LOTT’S PAST AND FUTURE: The truth about Lott is he had been a “baaad, baaad man” in terms of race issues well before his Thurmond statement. For example, he’s the darling of the Council of Conservative Americans, a group often linked to white supremacy. Its website proudly displays the confederate flag, and books that discredit Dr. Martin Luther King and all he stood for. Oh, and you’ll find Trent Lott’s picture there too. They just love Trent Lott.

Lott voted against the King holiday and against the appropriation to administer it. Additionally, Lott’s past includes a spirited legal defense of Bob Jones University, the southern school that banned interracial dating. He was against integration at his college frat.

Do you sense a pattern of behavior?

WHAT ASIAN PACIFIC AMERICANS SHOULD DO: Shall we pile on? The list of the angry and the shrill is long and deep. On the left, there are the standard civil rights divas like Maxine Waters and Rev. Al Sharpton.

On the right are both white and minority conservatives. If you’re a minority mouthpiece, you have to be outraged. Lott’s exposed your alliance, and threatened your credibility with the community you’re trying to proselytize. If you’re a white conservative, you just want Lott’s job. (And many of them are no better than Lott.) Senate Republicans have set a meeting for Jan. 6 to decide. That means Lott can keep apologizing until then.

But I don’t want to dump on Lott like everyone else. Really.

As it turns out, Trent Lott and I have something in common. We share the same birthday, Oct. 9. Different years. Different race politics. Same sign. It makes me willing to be a bit more compassionate.

I think Lott should stay.

Here’s what he’s really done with his Thurmond gaffe. He’s spoken more honestly about race than any politician in the recent past. America isn’t used to this kind of honesty on race. We’ve taken to a kind of double-talk, hoodwinked by the likes of Ward Connerly and Prop. 209, which was called the “Civil Rights Initiative.”
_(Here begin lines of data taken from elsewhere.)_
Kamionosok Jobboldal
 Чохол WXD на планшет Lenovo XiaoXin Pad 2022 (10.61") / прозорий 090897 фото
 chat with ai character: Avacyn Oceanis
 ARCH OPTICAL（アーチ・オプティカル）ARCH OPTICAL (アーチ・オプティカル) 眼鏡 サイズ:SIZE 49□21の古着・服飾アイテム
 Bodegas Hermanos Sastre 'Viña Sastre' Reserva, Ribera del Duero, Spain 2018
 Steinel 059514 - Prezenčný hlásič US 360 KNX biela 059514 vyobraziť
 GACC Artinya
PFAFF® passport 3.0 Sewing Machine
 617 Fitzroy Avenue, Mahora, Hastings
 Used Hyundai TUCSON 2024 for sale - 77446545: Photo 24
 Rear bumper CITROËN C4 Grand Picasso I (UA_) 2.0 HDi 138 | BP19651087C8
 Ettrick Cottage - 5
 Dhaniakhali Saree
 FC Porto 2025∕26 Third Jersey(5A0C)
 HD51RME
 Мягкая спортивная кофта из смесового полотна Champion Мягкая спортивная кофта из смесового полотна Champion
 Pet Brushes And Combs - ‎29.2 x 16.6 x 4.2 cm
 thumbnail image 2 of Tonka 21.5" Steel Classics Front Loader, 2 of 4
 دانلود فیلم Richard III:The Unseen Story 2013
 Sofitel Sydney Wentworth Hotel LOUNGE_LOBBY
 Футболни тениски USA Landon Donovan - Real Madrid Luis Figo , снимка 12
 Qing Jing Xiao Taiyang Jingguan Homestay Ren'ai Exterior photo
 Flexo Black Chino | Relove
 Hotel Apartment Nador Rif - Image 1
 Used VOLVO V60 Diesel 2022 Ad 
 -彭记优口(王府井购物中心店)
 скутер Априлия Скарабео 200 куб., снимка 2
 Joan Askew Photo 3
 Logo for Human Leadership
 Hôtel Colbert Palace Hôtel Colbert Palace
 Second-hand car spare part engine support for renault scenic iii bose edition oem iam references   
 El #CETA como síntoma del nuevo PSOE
Lott’s honesty shows all that up as a charade. Before his remarks, civil rights were going nowhere. When the Supreme Court announced it would take on affirmative action in the University of Michigan case, who wasn’t convinced it would mean the end for good old affirmative action? It sounded like another heart-breaking 5-4 vote, with Clarence Thomas, a beneficiary of affirmative action, casting the final negative vote.

Now race is back on the agenda. Everyone’s indignant again. Who knows? The Bush administration may yet side with Michigan and not the aggrieved white students on that case that the Supreme Court will review. The power of Lott’s honesty is to make everyone more honest.

That’s not an insignificant thing.

Black commentators were cynical about Lott’s “conversion.” If he lacked specifics on BET, I still think Lott’s new found “religion” is better than the kind of double-talk we get from right wing mouthpieces like Ward Connerly.

I do wish Lott were on a more mainstream channel talking to everybody, not just BET. I doubt if he’ll be showing up for a live interview with the Cantonese or the Mandarin News on KTSF. But maybe he should, in order to let us know he understands the meaning of the term “other minorities.”

Still, on balance, I think Trent Lott is worth keeping around. You don’t get his new awareness and honesty from your average Republican. Besides, a good reformed hypocrite is hard to come by. We should use him.